I’ve dug down deep, guys. We’re shifting, we’re adjusting, we’re making it work, and I’m on board. As someone excited to come out the other side of this thing into whatever’s next I’m all in for shortening the isolation period as much as possible. I know we’re doing what we have to do, though, which means sometimes I’m over here holding my sh*t together for the kids.
But today, between us, let’s speak truth.
I’m not okay.
I seriously cannot remember the last decent night’s sleep I had. I’m guessing it’s been a couple of months but who knows, my brain is shot. It takes forever to get sleepy, I’ll wake up half a dozen times overnight, and if I’m lucky enough to actually pass out it’s usually an hour before my alarm. It’s getting a little zombie-like around here in the mornings, man. Then there’s the panic attacks. I’ve had some trouble with anxiety before but never like this. Never anything that catapults me out of bed gasping for air like I’m drowning. Sweet Jesus, the nights are long.

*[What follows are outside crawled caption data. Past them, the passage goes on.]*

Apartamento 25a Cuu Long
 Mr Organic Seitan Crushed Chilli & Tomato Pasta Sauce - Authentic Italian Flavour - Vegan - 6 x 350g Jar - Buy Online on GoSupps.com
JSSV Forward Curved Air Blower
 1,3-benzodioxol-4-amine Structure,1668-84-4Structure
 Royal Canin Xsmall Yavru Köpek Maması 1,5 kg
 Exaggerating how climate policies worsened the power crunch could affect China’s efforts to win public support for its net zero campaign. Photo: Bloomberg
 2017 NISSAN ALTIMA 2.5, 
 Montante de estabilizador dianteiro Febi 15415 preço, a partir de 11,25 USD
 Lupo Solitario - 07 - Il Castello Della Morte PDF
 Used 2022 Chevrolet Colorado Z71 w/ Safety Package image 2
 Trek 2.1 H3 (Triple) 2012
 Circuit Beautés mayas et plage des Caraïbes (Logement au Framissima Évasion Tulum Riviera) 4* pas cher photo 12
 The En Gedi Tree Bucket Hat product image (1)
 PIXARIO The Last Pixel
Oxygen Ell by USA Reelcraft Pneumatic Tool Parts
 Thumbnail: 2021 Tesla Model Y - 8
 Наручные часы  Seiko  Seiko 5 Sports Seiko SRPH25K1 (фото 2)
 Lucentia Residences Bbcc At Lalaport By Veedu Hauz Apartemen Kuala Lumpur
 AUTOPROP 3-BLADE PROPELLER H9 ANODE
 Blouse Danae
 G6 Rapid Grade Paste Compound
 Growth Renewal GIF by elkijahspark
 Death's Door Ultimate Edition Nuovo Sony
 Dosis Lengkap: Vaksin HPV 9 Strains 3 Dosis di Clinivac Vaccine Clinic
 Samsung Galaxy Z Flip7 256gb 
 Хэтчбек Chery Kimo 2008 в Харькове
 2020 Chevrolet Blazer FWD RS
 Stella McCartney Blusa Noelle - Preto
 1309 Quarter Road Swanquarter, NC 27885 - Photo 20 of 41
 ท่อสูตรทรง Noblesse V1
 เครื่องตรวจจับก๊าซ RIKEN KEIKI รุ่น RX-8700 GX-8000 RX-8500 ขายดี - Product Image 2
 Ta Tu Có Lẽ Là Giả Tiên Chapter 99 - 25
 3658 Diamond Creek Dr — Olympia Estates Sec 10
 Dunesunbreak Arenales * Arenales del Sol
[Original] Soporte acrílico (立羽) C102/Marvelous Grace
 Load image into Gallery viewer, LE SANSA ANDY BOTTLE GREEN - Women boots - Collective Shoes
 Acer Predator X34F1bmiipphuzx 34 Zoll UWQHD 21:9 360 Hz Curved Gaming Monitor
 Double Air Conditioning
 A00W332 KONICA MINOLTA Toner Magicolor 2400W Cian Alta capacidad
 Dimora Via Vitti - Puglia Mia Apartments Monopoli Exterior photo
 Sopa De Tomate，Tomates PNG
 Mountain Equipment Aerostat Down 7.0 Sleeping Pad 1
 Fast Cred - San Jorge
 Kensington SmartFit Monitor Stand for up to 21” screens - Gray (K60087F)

Plus the further we are into this homebound period the more high strung Phoebe’s gotten. At first I thought the kids being around was throwing her off, then I figured she was picking up on my stress. But now? Now I worry she’s just as sleep deprived as I am because this poor dog jerks awake every time I act like the world’s coming to an end in the middle of the night.
I know it won’t be forever but I’m just gonna say it. I’m not okay.